Gregoire signed the legislation surrounded by LGBT advocates, including gay State Rep. Jamie Pedersen and gay State Sen. Ed Murray, champions of the legislation who introduced the governor at the ceremony.
After signing the bill, Gregoire exclaimed, “It is signed!”
Prior to the signing, the governor recalled stories by gay Washington residents who benefit after the bill was signed into law, including a letter she received from a 16-year-old girl.
“She had considered suicide,” Gregoire said, “but now with the conversation in the state with this marriage equality, it would make her stronger, it would allow her … to dream of the day that she would not have to get on bended knee and say, ‘Will you civil union me?’ but she will get on her knee and she will say, ‘Will you marry me?'”
Murray said during his remarks, “My friends, welcome to the other side of the rainbow!” Prior to signing the legislation, the audience at the ceremony chanted “Gre-goire! Gre-goire!” Later during the event, they chanted, “Thank-you! Thank-you!”
Gregoire asserted during her remarks that the legislation enables gay couples to obtain marriage licenses while allowing churches and religious organizations to opt out of recognizing these unions. Repeatedly throughout the remarks, Gregoire thanked the legislature for approving and conducting a civil, respectful debate on the issue.
The governor signed the measure after the Democratic-controlled legislature sent it to her desk. The State House approved the legislation last week by a vote of 55-43, while the State Senate approved the bill on Feb. 1 by a vote of 28-21.
Gregoire’s signature makes Washington the seventh state in the country where same-sex marriage is legal. The other states are Massachusetts, Connecticut, Iowa, Vermont, New Hampshire and New York. Same-sex couples are also able to wed in D.C.
Joe Solmonese, president of the Human Rights Campaign, praised Gregoire for signing legislation that “puts Washington on the road to fairness for all families.”
“While those opposed to marriage for gay and lesbian couples will no doubt try to undo this progress, I am confident that equality will prevail in Washington,” Solmonese said.
In a statement, HRC touted its work in the effort to legalize marriage equality in Washington State. Among its contributions are founding the Washington United for Marriage coalition, providing field expertise and recruiting business support.
But LGBT advocates aren’t out of the woods yet.
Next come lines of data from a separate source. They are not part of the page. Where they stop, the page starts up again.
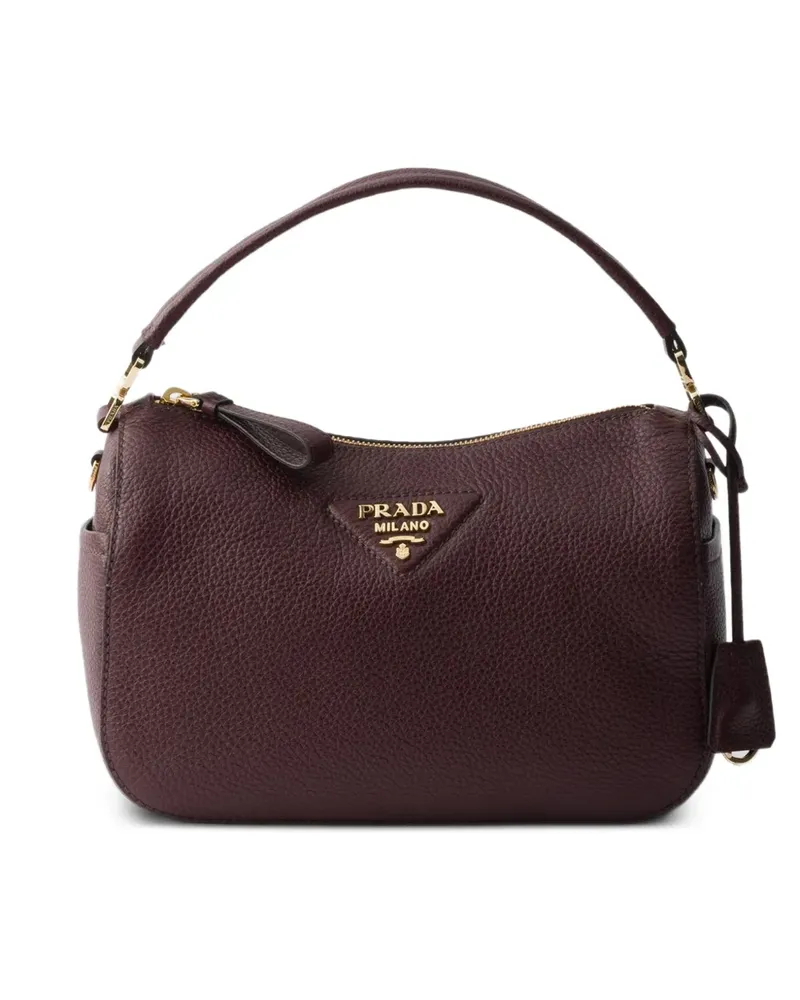 Prada Kleine Tasche - Rot Rot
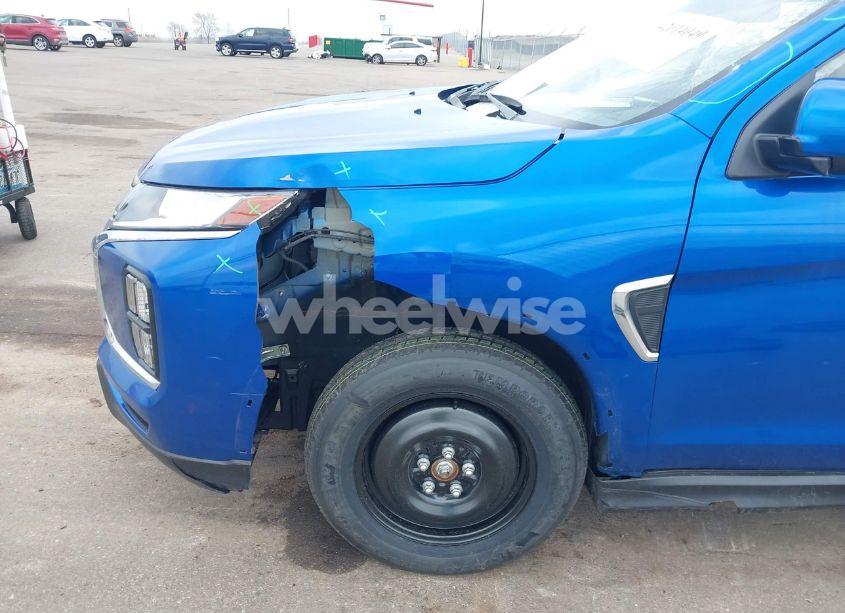 Photo 6 of 2023 Mitsubishi Outlander SPORT 2.0 SE AWC (VIN JA4ARUAUXPU001785)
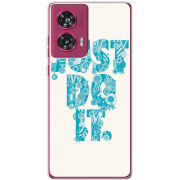 Чехол BoxFace Motorola Edge 50 Fusion Just  Do It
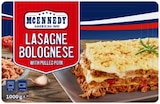 Lasagne bolognaise au porc effiloché - MCENNEDY dans le catalogue Lidl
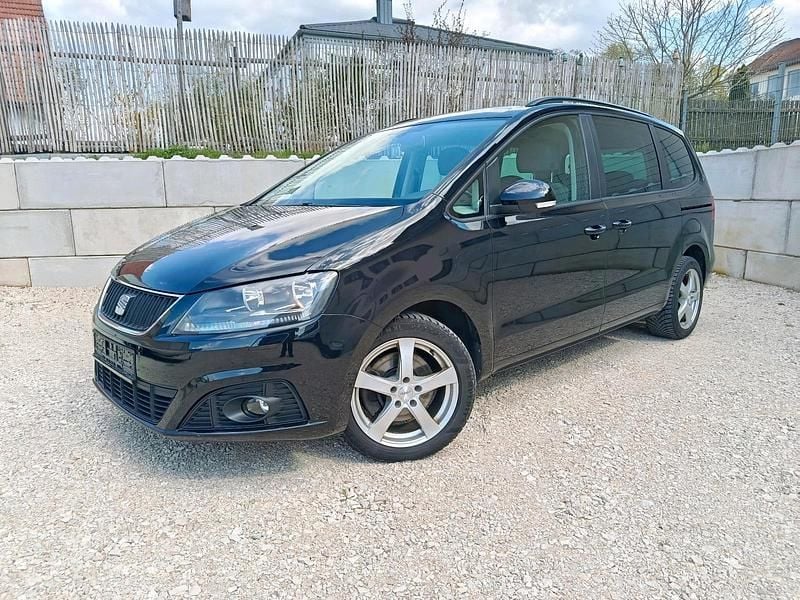 Second-hand Seat Alhambra Style 140 CP (102 kW) 2012 Negru Monovolum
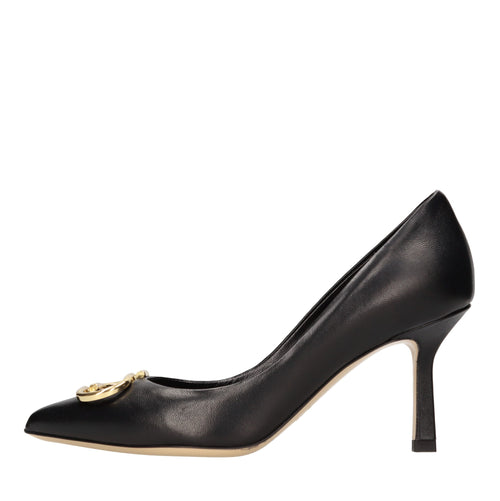 Ninalilou Scarpe con Tacco Nero da donna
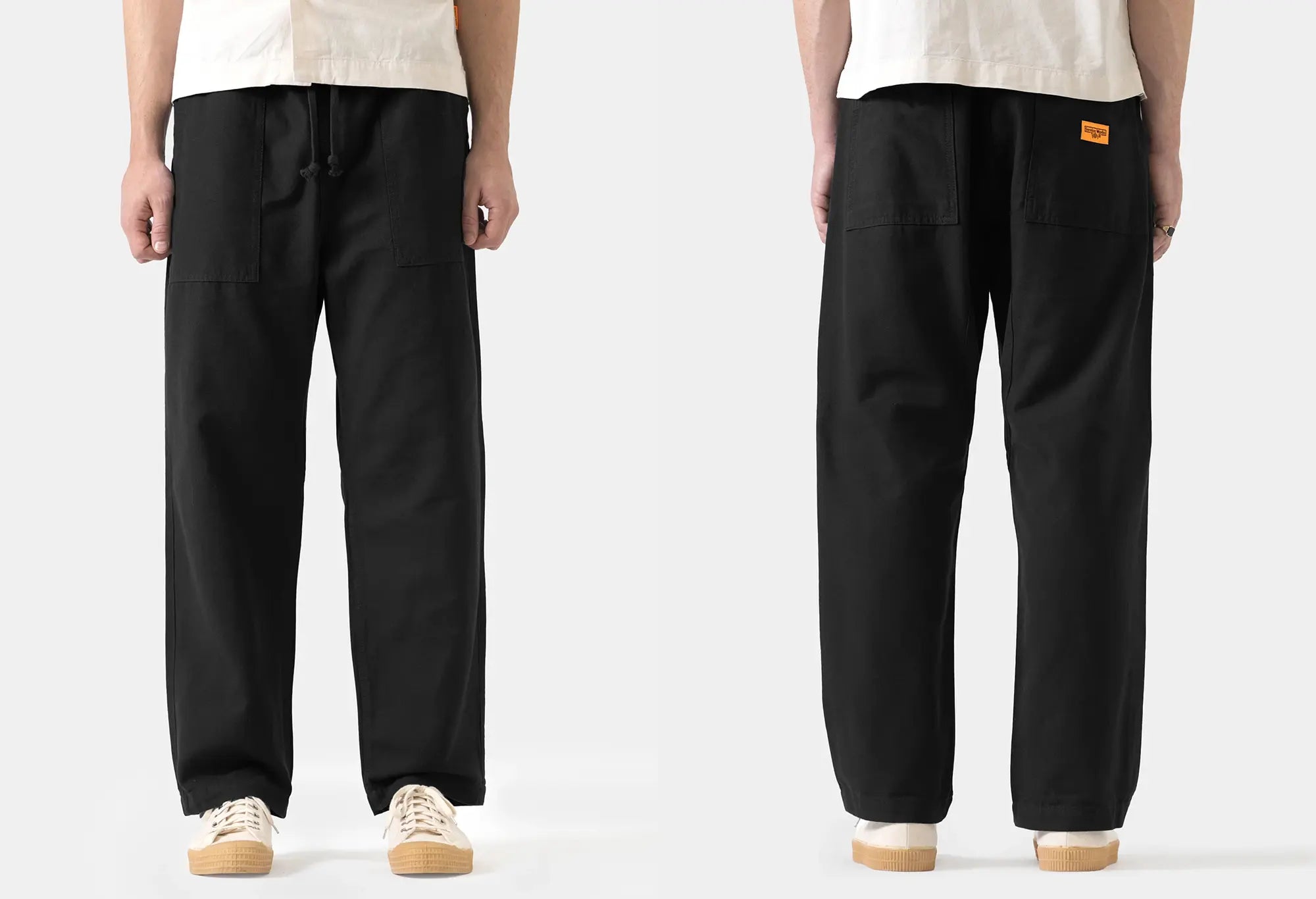 Service Works Classic Chef Pants - Noir Service Works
Anti-gay forces have the opportunity to bring the measure to the ballot in November if they submit the necessary number of signatures — 120,577 — to the Washington Secretary of State’s office by June 6.
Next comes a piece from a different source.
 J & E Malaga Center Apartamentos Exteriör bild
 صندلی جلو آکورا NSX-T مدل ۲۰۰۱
A referendum on the marriage law would be similar to what happened with the expansion of the state’s domestic partner registry in 2009, which came to the ballot as a measure known as Referendum 71. Voters approved the expansion of the state’s domestic partner registry by a vote of 53 percent.
Gregoire expressed confidence during her remarks that pro-LGBT forces would win in November if marriage should come to the ballot.
“If asked the voters of the state of Washington will say ‘yes’ to marriage equality in the state of Washington,” Gregoire said. “Washingtonians will say ‘yes’ because a family is a family all facing the same challenges. Can we keep a roof over our heads? Can we keep our jobs? Can we provide for children’s health and safety, education and happiness? I believe our Washingtonians will say because it’s time for us to stand up for our sons, our daughters, our brother, our sisters, our moms, our dads, our friends and the couple down the road.”
If same-sex marriage opponents don’t bring the necessary number of signatures to the ballot by the deadline, the law will go into effect June 7. If they bring in enough signatures, but an insufficient number are deemed valid, the law would go into effect after the failure to certify.